= Exercise details =
From the first line to the last, give the records again exactly and skip the pictures.

Start of Recorded data

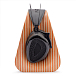 Подставка для наушников Dr.Head Under Wood Тайфун 1 Natural Orange - рис.10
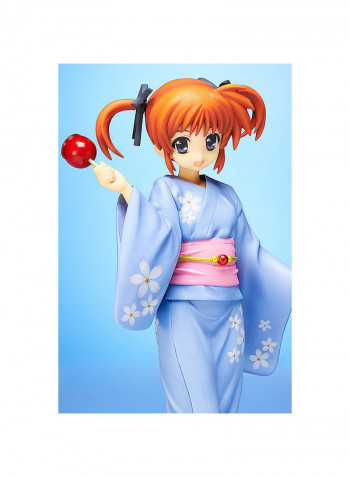 Nanoha Takamachi: Yukata Version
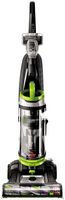 BISSELL - CleanView Swivel Pet Vacuum Cleaner - Sparkle Silver/Cha Cha Lime with black accents - Large Front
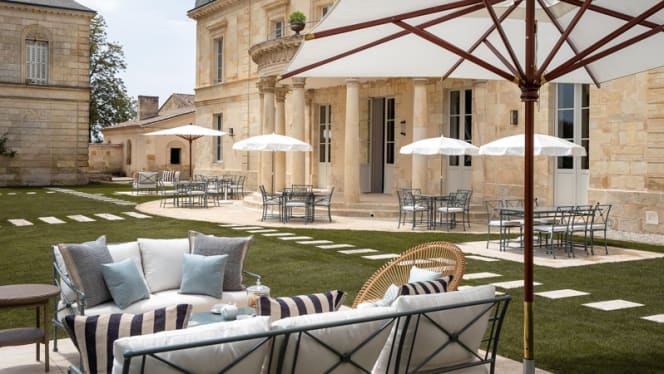 La Maison d'Estournel - 0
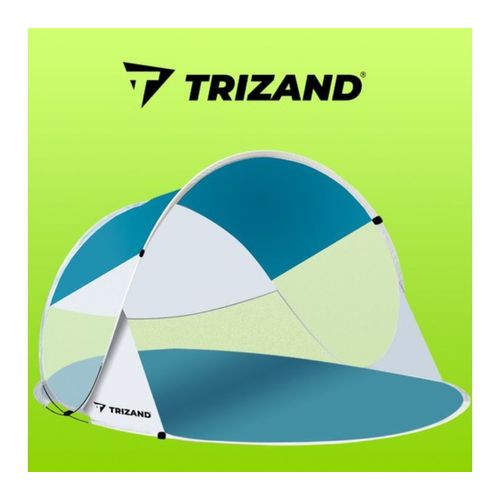 Trizand 20974 šator za plažu 190x120x90cm slika 1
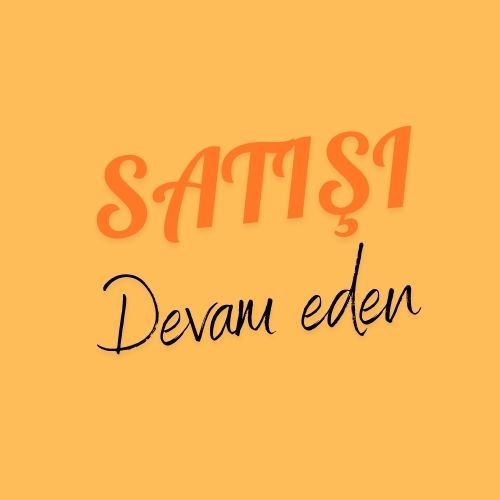 Satışı Devam Eden Projeler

End of Recorded data

= Task result =
 Подставка для наушников Dr.Head Under Wood Тайфун 1 Natural Orange - рис.10
 Nanoha Takamachi: Yukata Version
 BISSELL - CleanView Swivel Pet Vacuum Cleaner - Sparkle Silver/Cha Cha Lime with black accents - Large Front
 La Maison d'Estournel - 0
 Trizand 20974 šator za plažu 190x120x90cm slika 1
 Satışı Devam Eden Projeler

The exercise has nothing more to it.